Search code examples
sqlpostgresqlpostgresql-14

Errors attempting to INSERT INTO table with identity column from a staging table


I'm trying to insert data from a staging table into a another similar table with an identity column and cannot get the SQL syntax correct without errors.

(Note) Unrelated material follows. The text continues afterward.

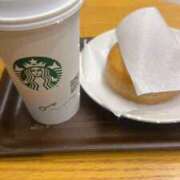 ヒメ日記 2025/05/19 09:12 投稿 みーも スピードエコ難波店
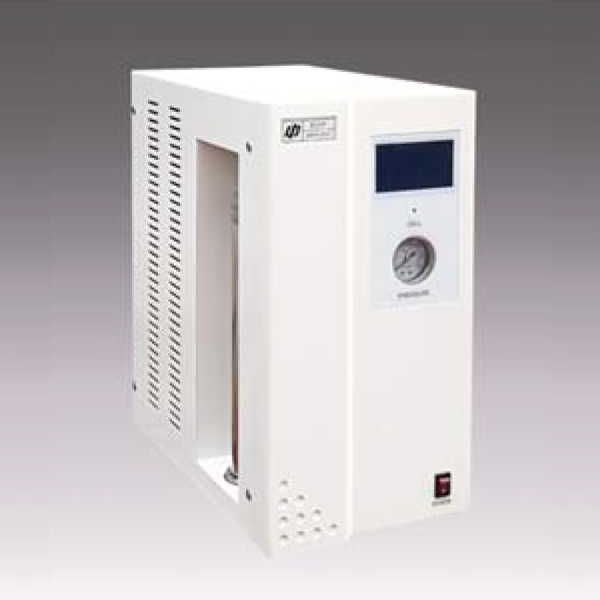 北京中惠普APH-500堿液型氫氣發生器(自動補水)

This is in PostgreSQL 14.

Staging table:

CREATE TABLE IF NOT EXISTS public.productstaging
(
    guid varchar(64) NOT NULL,
    productimagehash_sha2256 varchar(64) NOT NULL,
    productimage Bytea NOT NULL,
    UNIQUE (productimagehash_sha2256)
);

Table to insert into:

CREATE TABLE IF NOT EXISTS public.product
(
    id int NOT NULL PRIMARY KEY GENERATED ALWAYS AS IDENTITY,
    guid varchar(64) NOT NULL,
    productimagehash_sha2256 varchar(64) NOT NULL,
    productimage Bytea NOT NULL
);

Insert query:

-- Insert
INSERT INTO public.product
SELECT

public.productstaging.guid,
public.productstaging.productimagehash_sha2256,
public.productstaging.productimage

FROM public.productstaging
LEFT OUTER JOIN public.product
ON (

public.product.guid = public.productstaging.guid
AND public.product.productimagehash_sha2256 = public.productstaging.productimagehash_sha2256
)
WHERE public.product.guid IS NULL
AND public.product.productimagehash_sha2256 IS NULL;

I get an error

ERROR: column "id" is of type integer but expression is of type character varying

I have tried several things (listed below) on the query but they all give errors. Most of the example when searching insert from a list of fixed values rather than insert from another table, eg ...VALUES(guid, productimagehash_sha2256, productimage).... I can't find anything similar on a search and hoped someone can point me in the right direction?

...
DEFAULT, --ERROR:  DEFAULT is not allowed in this context
public.productstaging.guid,
public.productstaging.productimagehash_sha2256,
public.productstaging.productimage
...

...
0, --ERROR:  cannot insert a non-DEFAULT value into column "id"
public.productstaging.guid,
public.productstaging.productimagehash_sha2256,
public.productstaging.productimage
...

...
null, --ERROR:  cannot insert a non-DEFAULT value into column "id"
public.productstaging.guid,
public.productstaging.productimagehash_sha2256,
public.productstaging.productimage
...

Solution

  • Specify the target columns for the INSERT - something that you should do always.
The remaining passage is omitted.